Son Ye-jin and Lee Min-ho star in this kind of ridic 2010 gay mistaken identity romance. Again Son Ye-jin's character is mistreated. Was this her job for a decade? Meanwhile, I had to watch.

Park Kae-in (Son Ye-jin) is a quirky, tomboyish mess of a human. She is trying to get her furniture design business of the ground but there are no takers. She discovers her bff and roommate Kim In-hee (Wang Ji-hye) is marrying the man Kae-in thought she was dating, Chang-ryul (Kim Ji-seok). He's a greasy, opportunistic asshole and Kae-in literally shows up at her friend's wedding not knowing that is what she is walking into. It's incredibly cruel. 

She gets conned out of some money so she has to take in a roommate to help her pay her bills. She lives in a famous moderized hanok designed by her father, a renown architect. She ends up letting architect Jeon Jin-ho (Lee Min-ho) move in, because she has mistakenly believed he is gay. He finds her a car wreck of a person and starts sort of bullying her into growing a spine and standing up for herself. It is not a pretty process. But she does start to gain confidence under his tutelage. But she also starts to fall for him (ugh ladies stop doing this, he's actually be mean to you).

Meanwhile, Jin-ho is staying with her to try to learn more about this famous hanok to help him win a bid for a architecture project. He starts to feel bad about using her, but then gets kind of stuck in this situation. Other people think he's gay and dramedy ensues. 

In some ways, this show felt progressive in the embrace of the gay character by Kae-in but then of course there was disgust from others and some incredibly awful statements about queerness. And you see why other characters have stayed in the closet. And then another character def goes full limp wrist caricature faking his gayness.

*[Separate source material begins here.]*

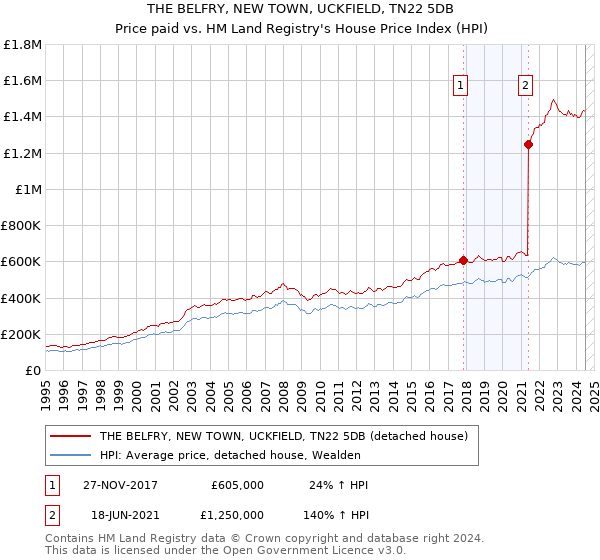 THE BELFRY, NEW TOWN, UCKFIELD, TN22 5DB: Price paid vs HM Land Registry's House Price Index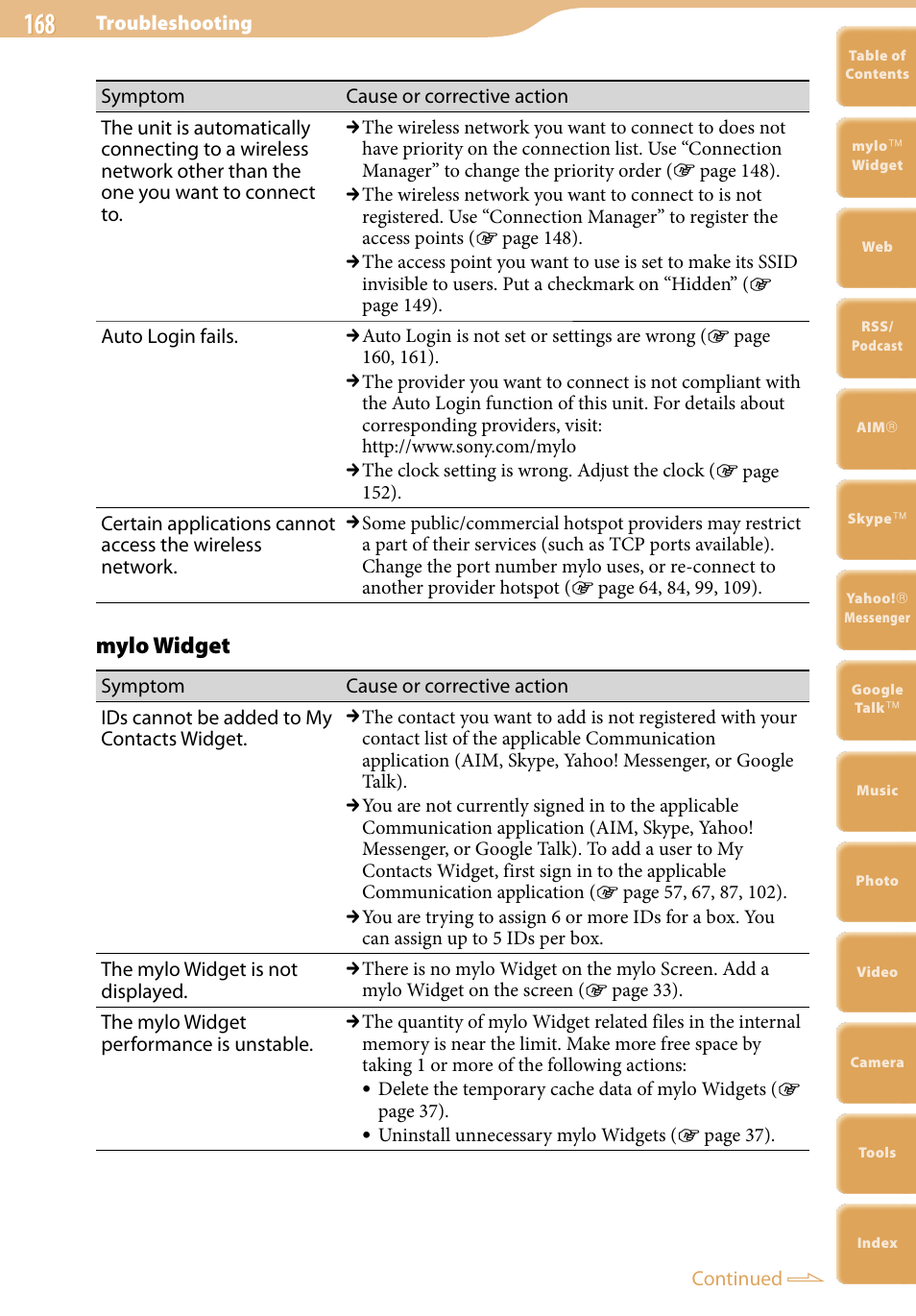 Mylo widget | Sony COM-2 User Manual | Page 168 / 270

So this is not actually good, but interesting in the scheme of how K-dramas deal with queer identity over time. 

Also, for no reason, they dress Min-ho in these incredibly long suit jackets like he's stepped out of the Regency era but also with a mullet. The Hallyu wave was bad for men and their hair. His character is also so one note "cold."

In addition, it's just so hard to get over how mistreated Kae-in is by everyone. She is abused and manipulated. And even the guy who falls for her isn't the warmest and fuzziest either.

Justice for these Son Ye-jin characters!